*Task objective*: Your answer must be an exact copy of the records below, minus any images.

*Material provided*:
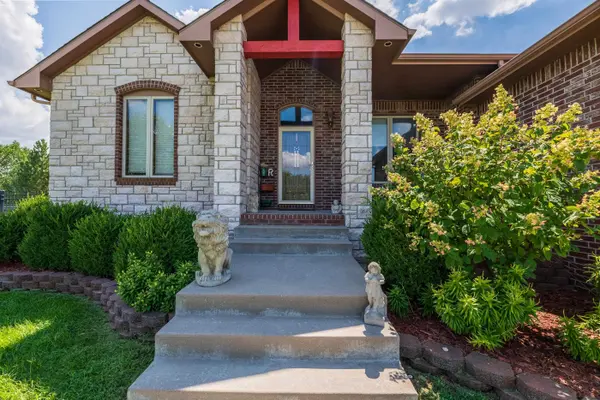 1701 E Elk Ridge Ave, Goddard, KS 67052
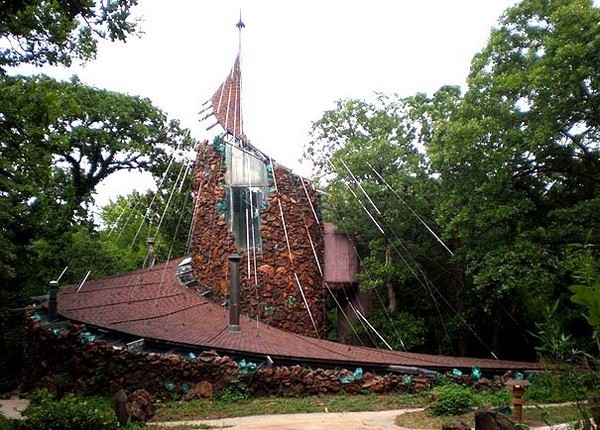 BAVINGER HOUSE (NORMAN, USA)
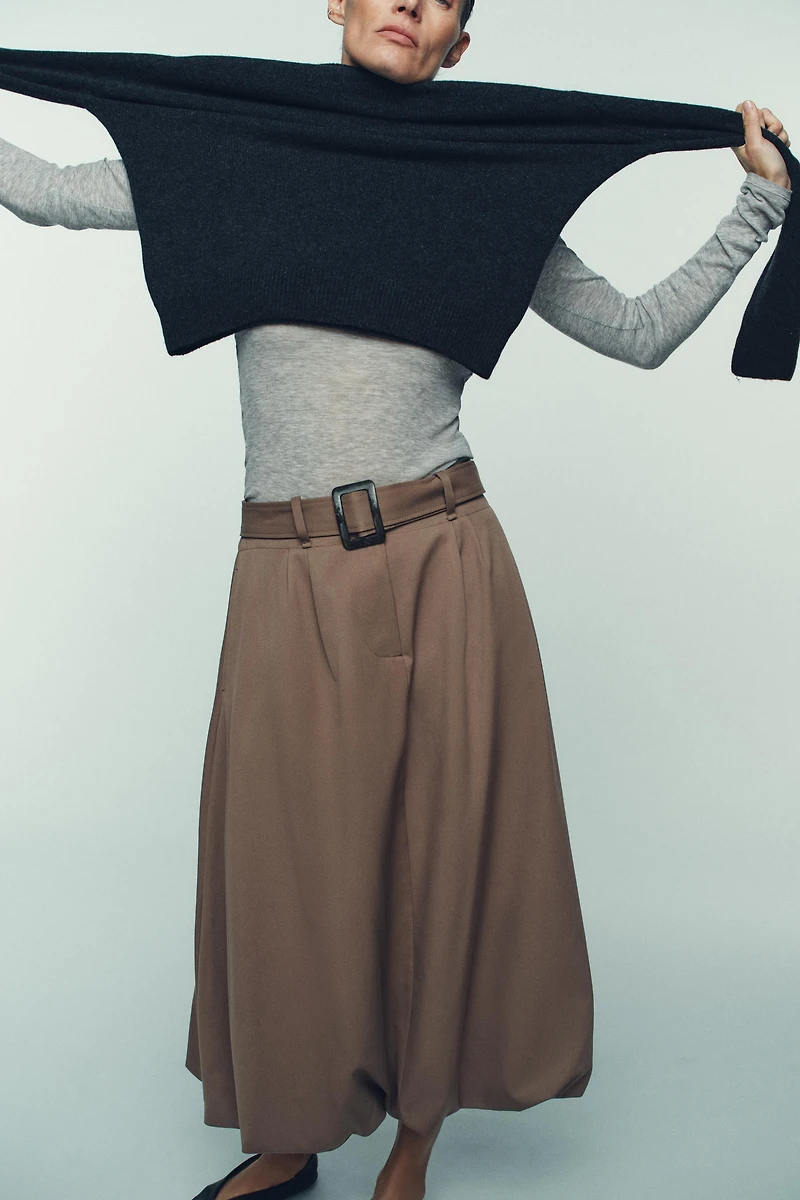 JUPE MIDI À CEINTURE ET COUPE BALLON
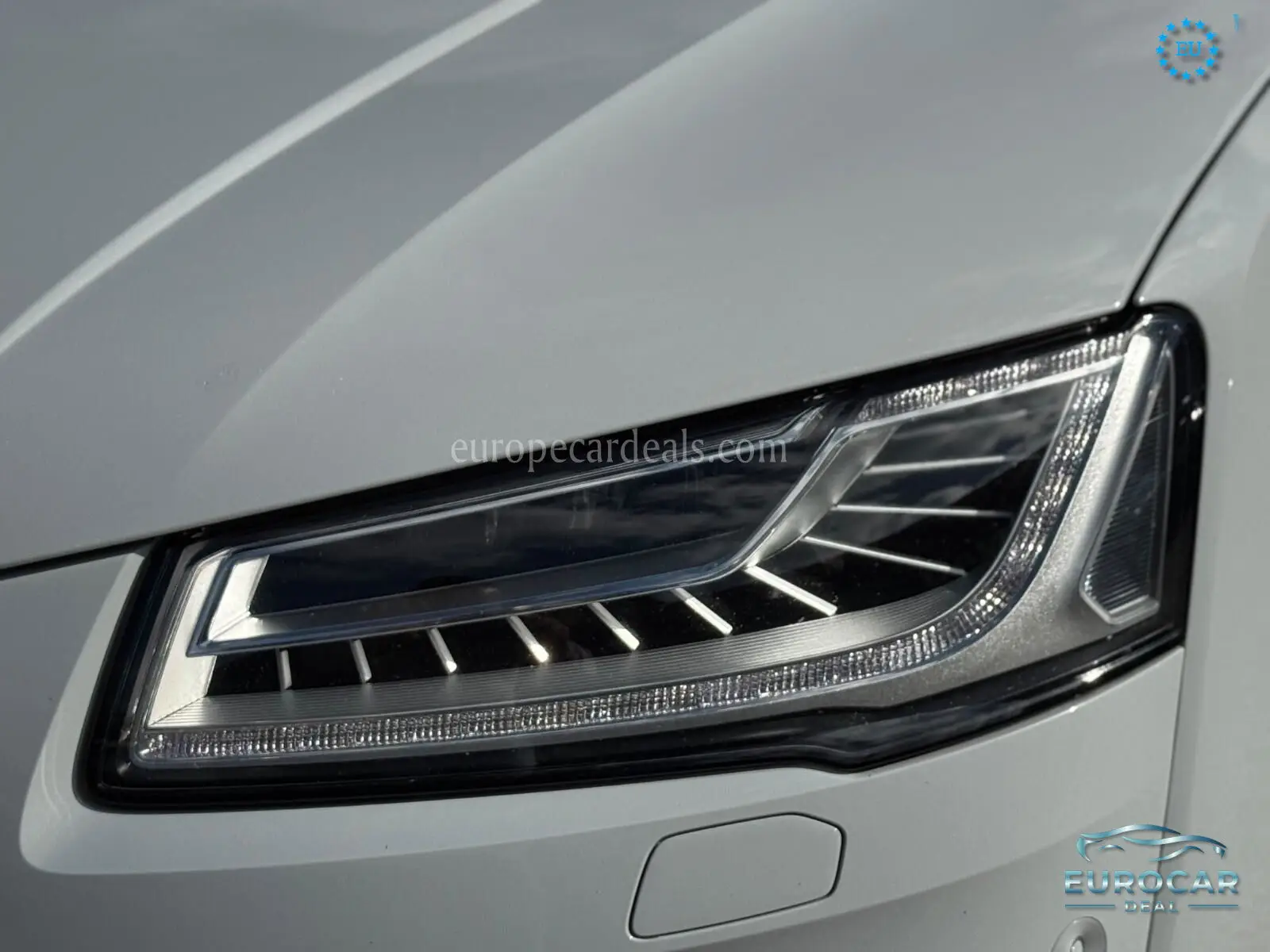 Audi S8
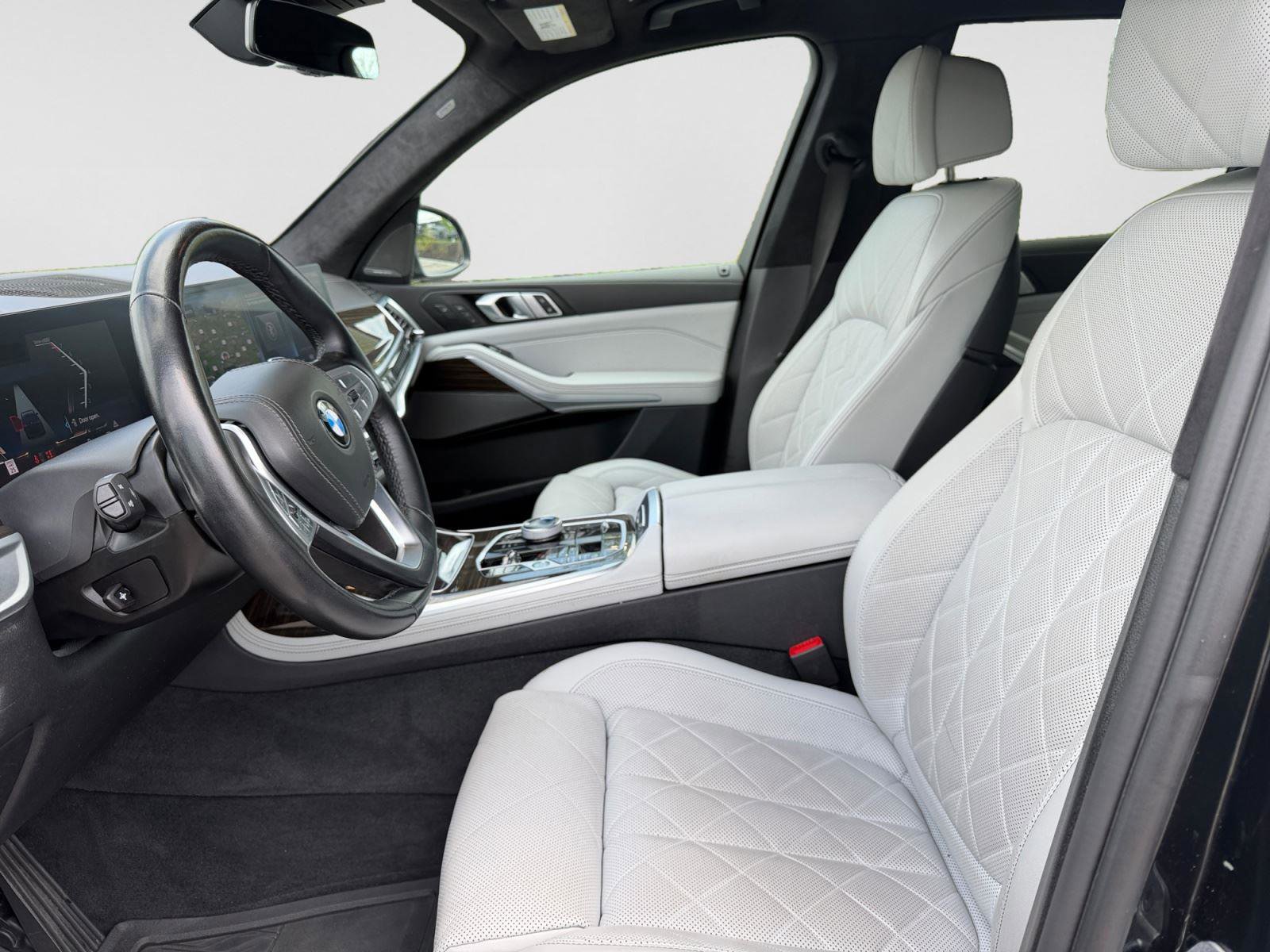 Used 2023 BMW X7 xDrive40i w/ Executive Package image 10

*Problem solution*:
 1701 E Elk Ridge Ave, Goddard, KS 67052
 BAVINGER HOUSE (NORMAN, USA)
 JUPE MIDI À CEINTURE ET COUPE BALLON
 Audi S8
 Used 2023 BMW X7 xDrive40i w/ Executive Package image 10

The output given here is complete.